Não estamos negando o valor dos recursos desenvolvidos pela inteligência humana para se minorar seus efeitos, permitindo maior conforto àquele ao ser que padece, nos limites do bom senso. Dizemos, sim, que falta ao homem a coragem de saber sofrer para angariar na dor genuínos valores educativos, prontos a fazê-lo superar com êxito sua renitente inferioridade. Como ela existe para educar-nos na ciência da Lei, enquanto permanecemos nutrindo-nos com os excessos de toda natureza, continuaremos a sofrer a cada dia a coerção de novas dores, imprescindíveis para nos devolver a harmonia orgânica e espiritual voluntariamente rompida.

O homem evangelizado do futuro reconhecerá na dor uma força amiga, a auxiliá-lo na necessária redenção. Ele aprenderá a utilizá-la como uma das mais importantes ferramentas evolutivas a seu dispor, pronta a orientar-lhe os passos na conquista do progresso espiritual.

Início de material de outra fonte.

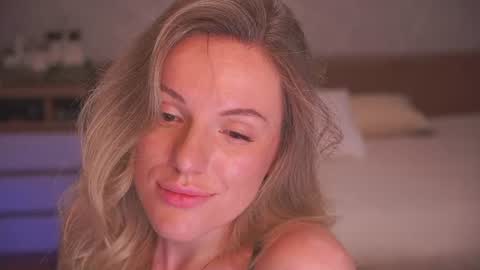 Snapshot of vanille_mystery chatting on June 30, 11:06 pm Sophie online show from June 30, 11:06 pm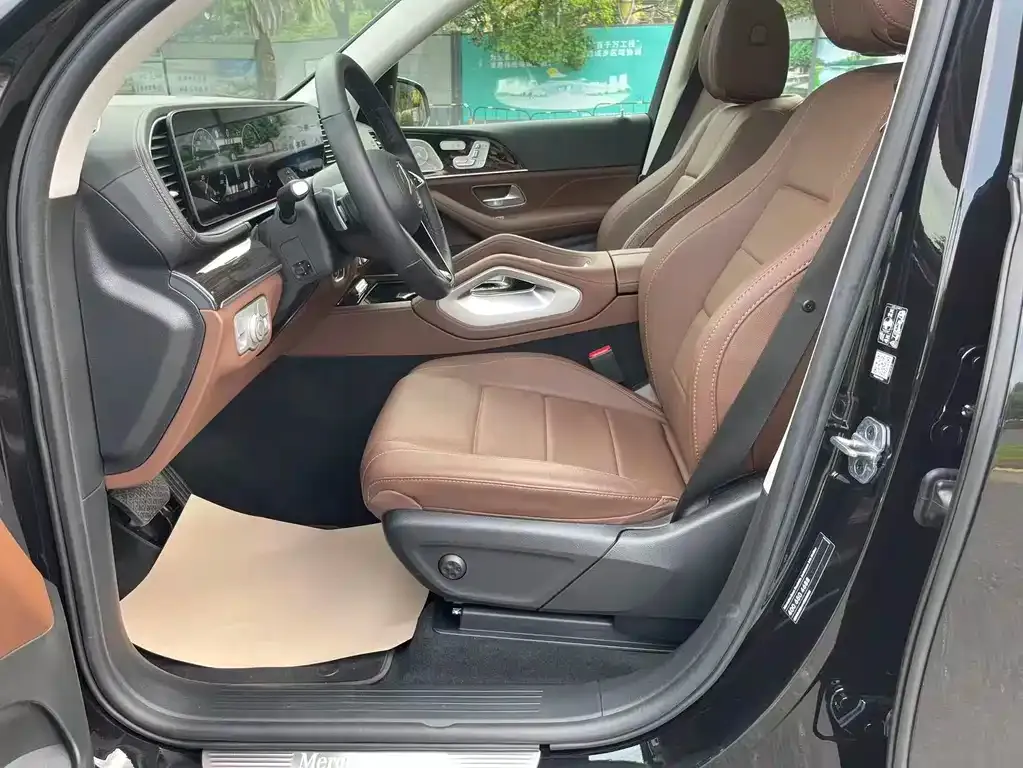 Mercedes-Benz GLE — фото 10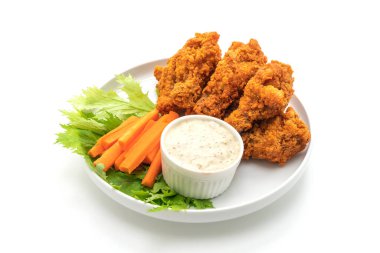 sebze izole üzerinde beyaz arka plan ile kızarmış baharatlı tavuk kanatları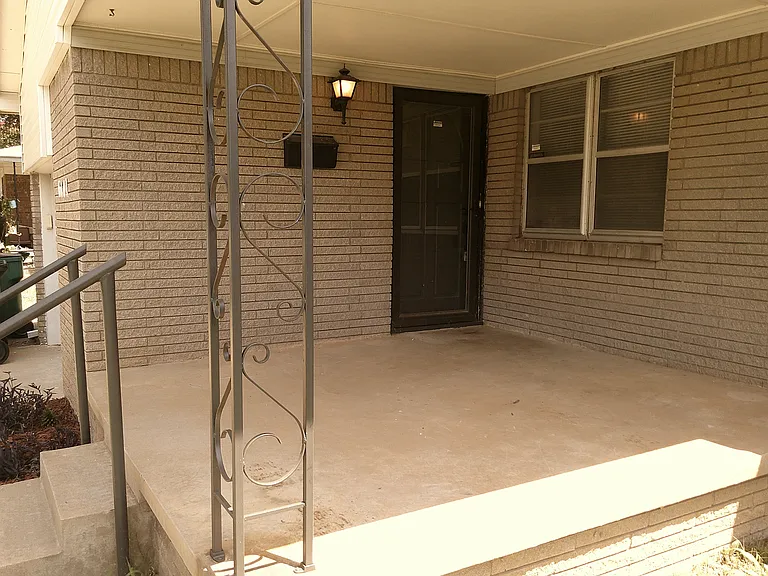 6804 Ashby Ter — Photo 2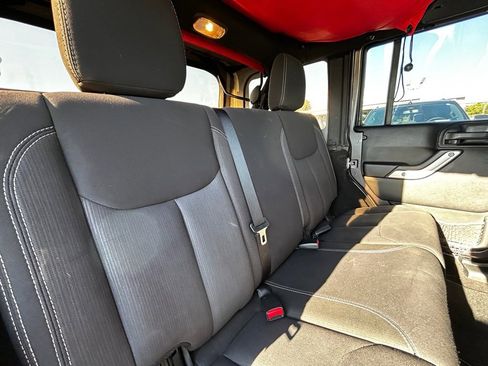 Used 2016 Jeep Wrangler Unlimited Sahara w/ Max Tow Package image 15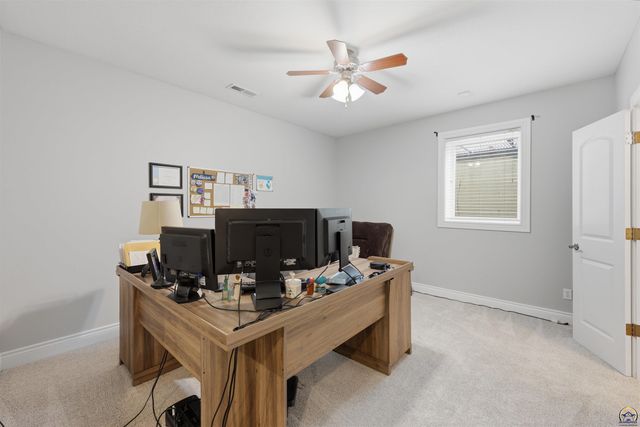 7323 SW Kings Forest RD, Topeka, KS 66610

Abraçando-a com boa vontade, sua alma agigantar-se-á como nunca, em vertiginosa rapidez, superando prontamente os remanescentes grilhões que ainda a prendem ao reino animal inferior.

Nobre alavanca da evolução, os choques da dor representam, assim, o maior estímulo evolutivo para libertar o espírito da prisão da matéria, fazendo despertar o tremendo potencial divino que dorme em seu imo. E como a vida o quer grande nos atributos que o Pai confiou-lhe, ele não poderá escapar dos aguilhões da dor até que cresça e aprenda a correta maneira de se comportar diante da magna Lei de Deus.

A dor vivida com sabedoria e resignação condiciona alegria e proporciona verdadeira saúde ao espírito.

É salutar convite à conquista de insupríveis equilíbrios, despertando forças curativas no âmago da alma. É ferramenta de aperfeiçoamento moral do espírito, capaz de resgatá-lo das plagas abissais em que se demora, para a excelsitude da vida celestial. Ela molda na substância do ser as faculdades herdadas do Pai e ensina-o a praticá-las segundo as exigências da Lei do amor. Por isso a dor fará de todo espírito um Filho do Altíssimo, transformando-o em verdadeiro deus.

Sob os auspícios desses novos conceitos, compreendemos agora que a verdadeira cura da dor será proporcionada ao homem unicamente pela sua evolução. Como todas as causas de seus padecimentos residem na rebeldia e na ignorância que o caracterizam, à medida que ele avançar na escola da vida, aprendendo a agir nos limites da Lei, transporá os patamares da inferioridade espiritual que lhe assiste, superando em definitivo todos os seus padecimentos. Até que isso ocorra, todos os sofrimentos que lhe obstaculizam o bem-estar e a felicidade serão justos e necessários.